What does the continuing uncertainty of a stubborn global financial crisis mean for Asia's electronics manufacturers? To answer that question, Asia Time is taking a country-by-country look at the region, following the supply chain to see which links are strongest, which are weakest, and where the strains are. Today's stop: Indonesia.
If you want to see the Asian electronics supply system from start to end, Indonesia is the place to go. The massive Southeast Asian archipelago is one of the world's most tech-savvy countries, one of its fastest growing economies, and has a population larger than Brazil, Russia, Pakistan, or Japan.
As a potential market, Indonesia is eclipsed only by China, India, and the United States, and it is among the fastest growing economies on Earth. Culturally, it's also a place that has caught the eye of handset and PC makers. Indonesians are mad for Facebook and text messaging, so much so that it's common to see groups seated together in restaurants, ignoring each other in favor of their phones.
What's unusual about Indonesia is that it is also a growing player at the other end of the supply chain: base materials. Indonesia, where mining is an important industry, produces massive amounts of copper, a key raw material for electronics producers. But more importantly, the recent worries over supplies of rare metals has caught the Indonesian government's attention, and the country has become a key location on the short list of targets for exploration by mining companies working in rare metals. Its proximity to fabrication and assembly facilities in the rest of Asia — unlike African rare metals producers — is also a selling point for the Jakarta government.
The global ongoing financial crisis has not hit Indonesia as hard as it has the rest of the region. Part of the reason for that is the country's role in the supply chain — at the extremes. Indonesia produces the metals that start the electronic products supply chain, and the country has a massive consumer culture to buy the finished product. But Indonesia plays little role in the manufacturing process, which it has had little success entering and doesn't appear to be making much of an effort to attract.

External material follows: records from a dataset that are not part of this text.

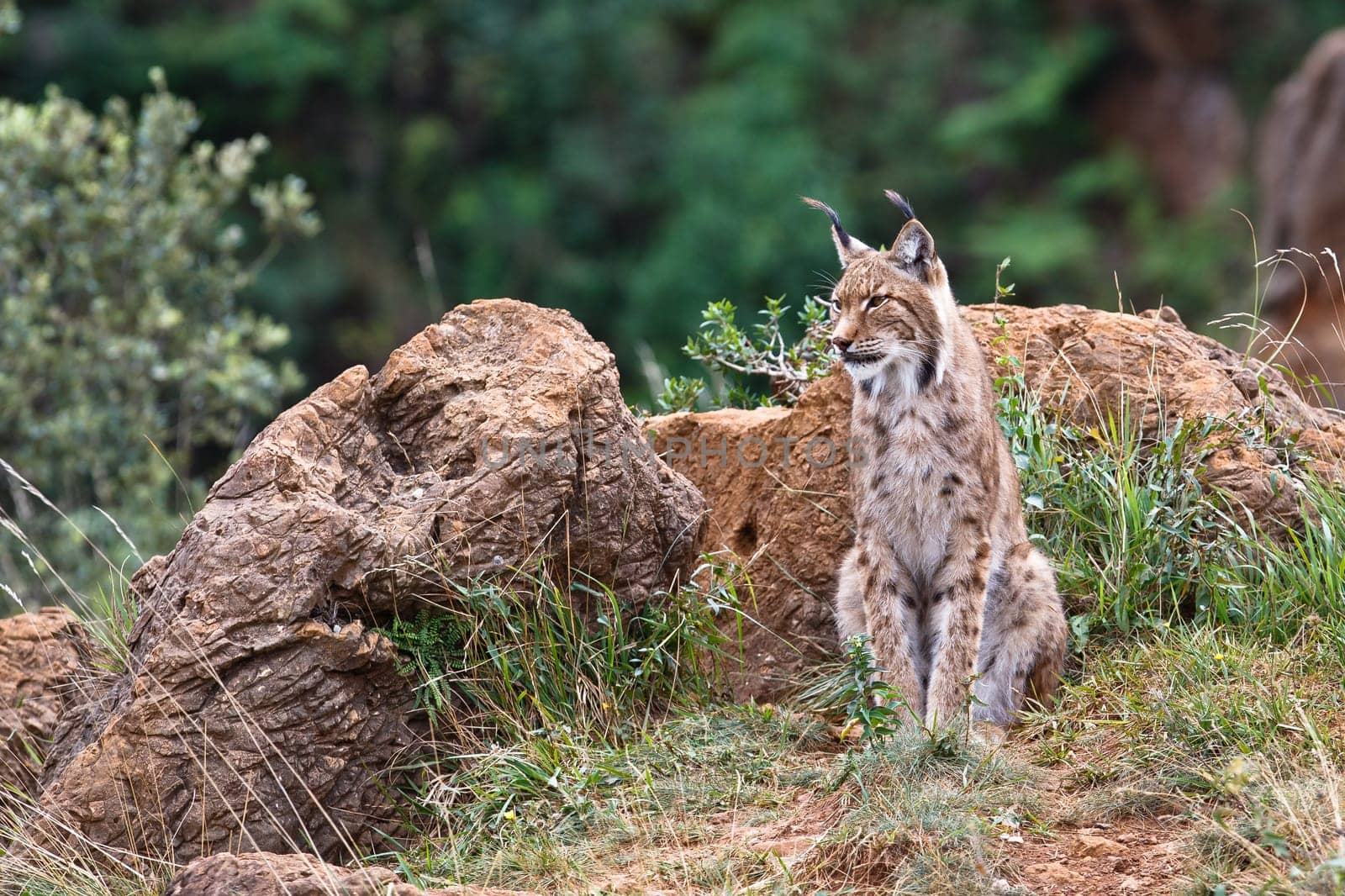 Eurasian lynx in a wild life park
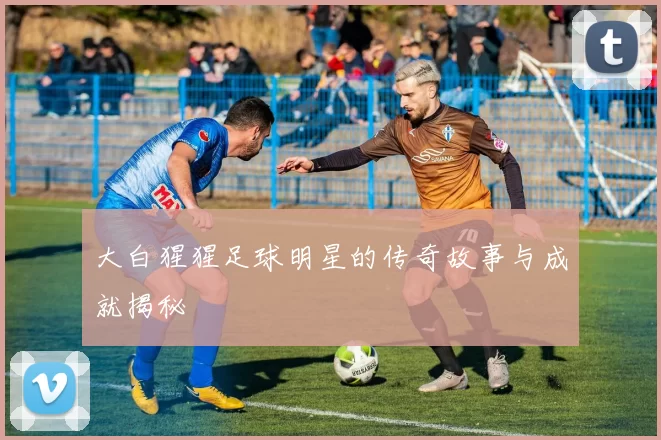 大白猩猩足球明星的传奇故事与成就揭秘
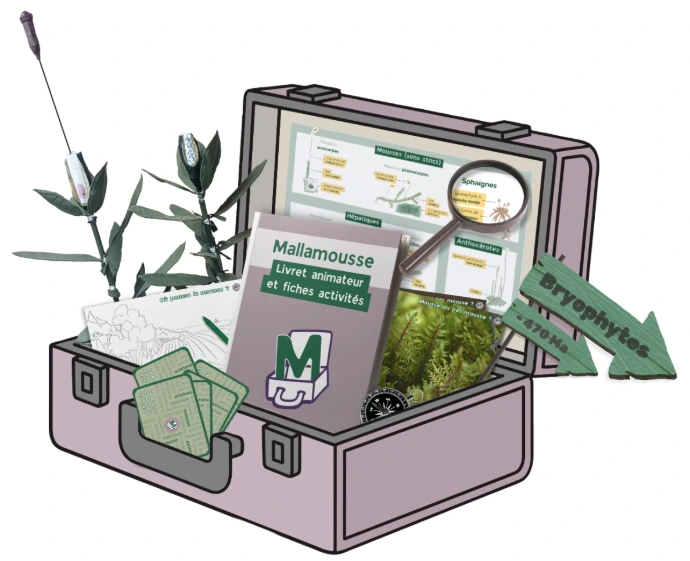 malle pédagogique sur les mousses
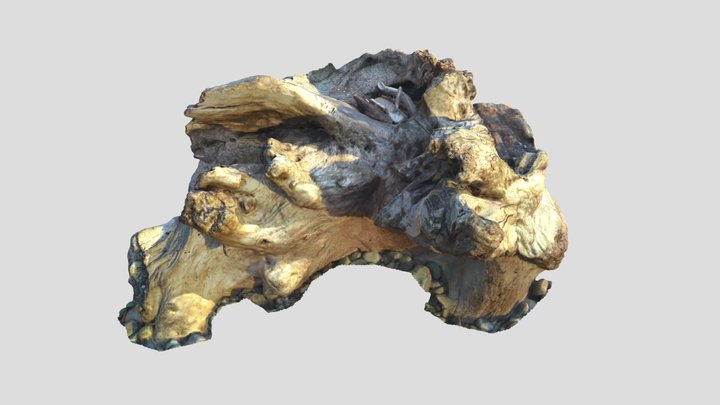 Driftwood 3D Model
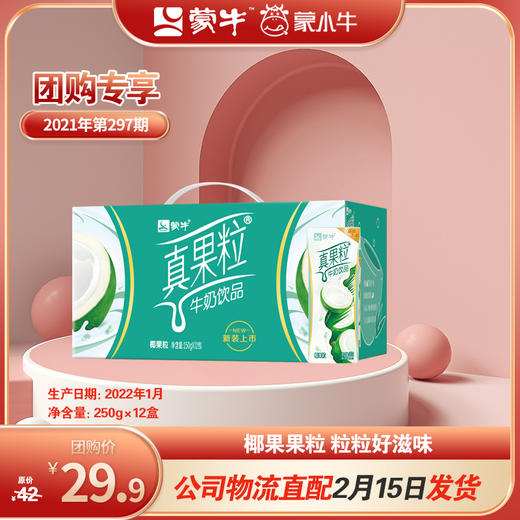 真果粒椰果粒250g×12盒 商品图0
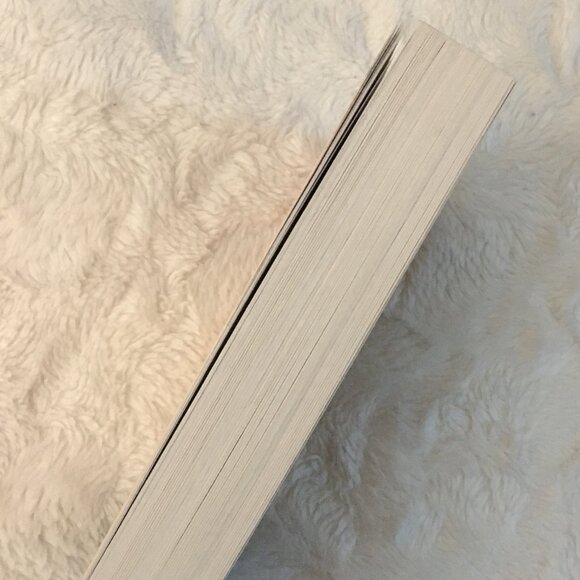 'She Who Became The Sun' By Shelley Parker-Chan - Picture 5 of 5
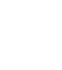 Section 5_Icon 2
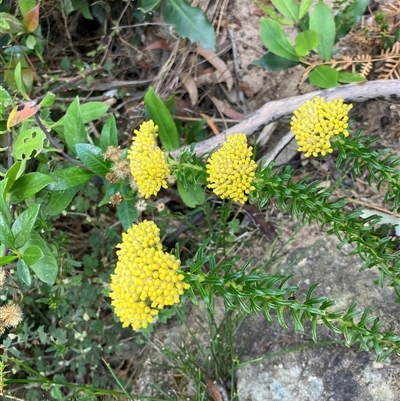 Unverified Other Wildflower or Herb at Kangaroo Valley, NSW - 28 Nov 2024 by pcooperuow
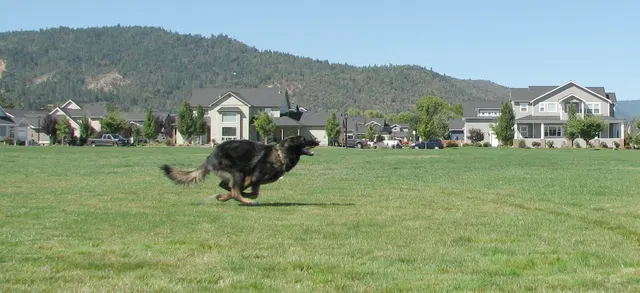 Rogue Valley Schutzhund Club 2008 training archive — working-dog photo 160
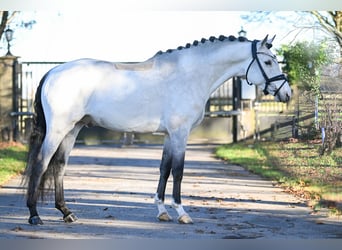Duitse rijpony, Hengst, 5 Jaar, 149 cm, Buckskin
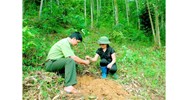 Tội lạm dụng nhu cầu quân sự trong khi thực hiện nhiệm vụ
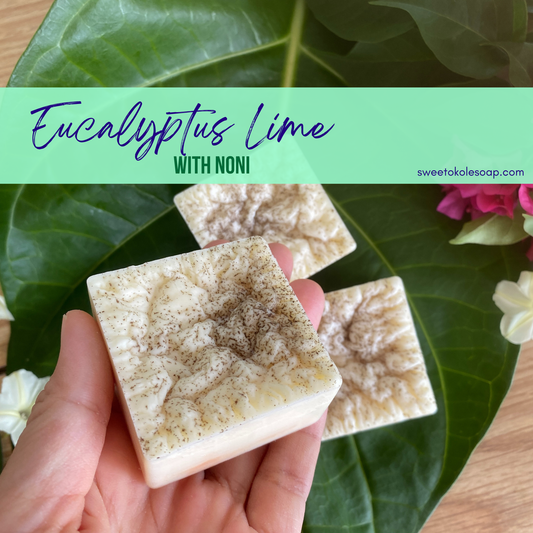 Natural Conditioner Bar - Eucalyptus & Lime Essential Oils with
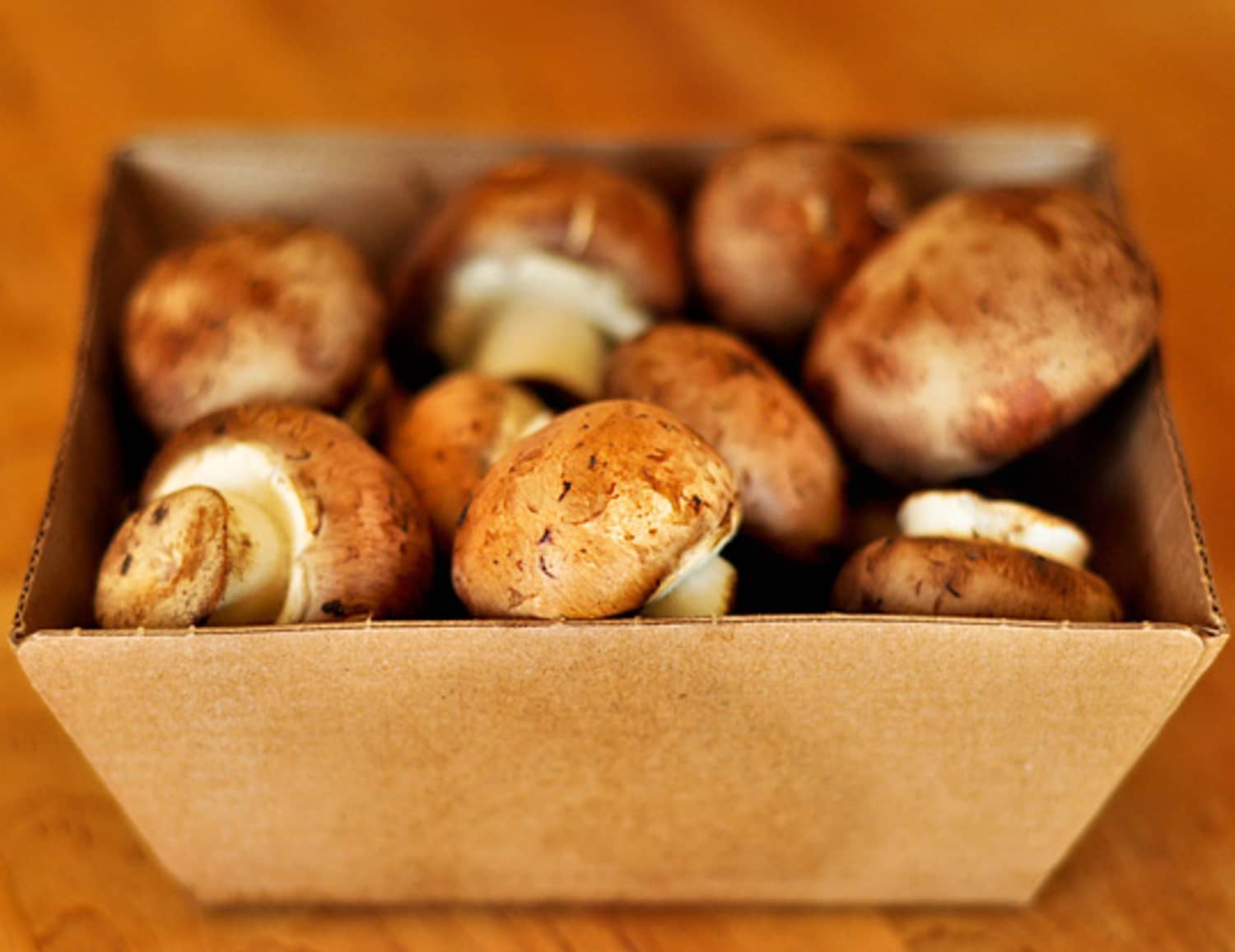 2 Ways to Store Mushrooms Kitchn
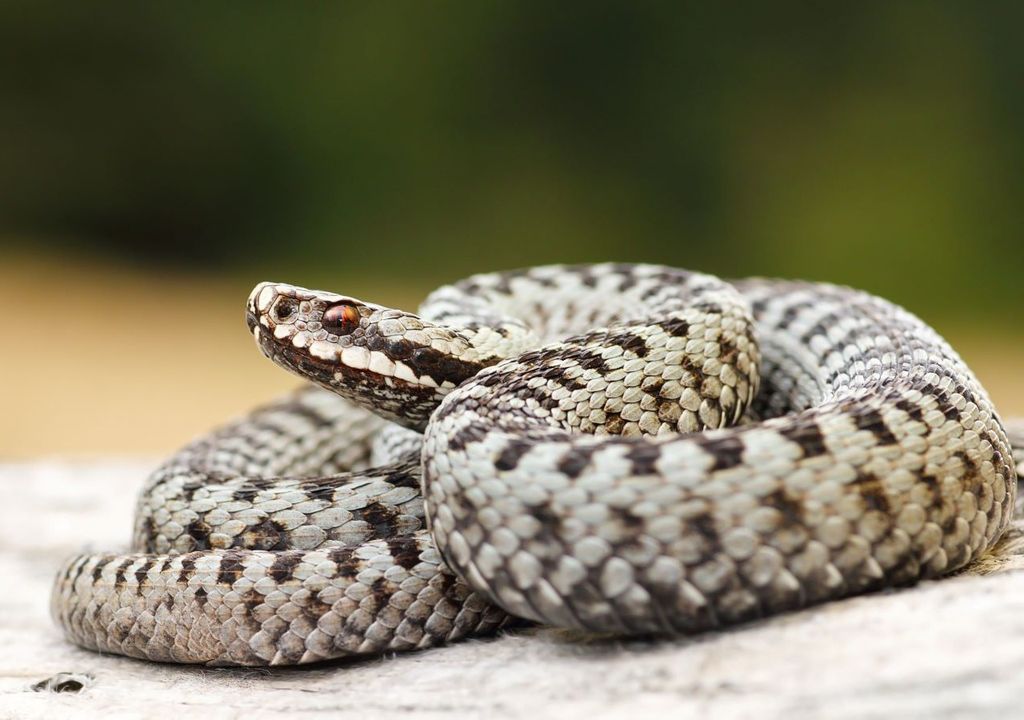 Les vipères sont des serpents courts, dépassant rarement 80 cm. Leur queue est proportionnellement plus courte que celle des autres familles de serpents de notre pays.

Usually, that's bad news for a developing country, where a move from resource economies like mining, to manufacturing economies, tends to be a goal. But right now Indonesia is feeling a bit insulated from this rough year of crashes, tsunamis, and downsizing elsewhere. When a crisis-wracked OEM shrinks an order by 30 or 40 percent, you're not going to see Indonesian companies laying off workers. They don't have those factories, leaving them to Vietnam, China, or Thailand.
Instead, copper mined in remote jungles in Borneo or New Guinea — Indonesia's environmental record is perennially among the world's worst — keeps moving, and then it's gone. By the time the copper has returned, it has worked its way through most of Asia, and is in a Jakarta shopping mall as a product, not as a component in a factory. For now, Indonesia's shoppers are showing a continuing appetite to sit at the supply chain's first and last links. And investors know that everything starts and ends there.
The main role in Asia's supply chain for Indonesia, the island nation cut off from the mainland, is as a bellwether. When the price of the copper in the wires changes, or the growth of a nation of text message addicts falters, the tremor goes through the rest of the chain, passing through all the rest of Asia, as a warning.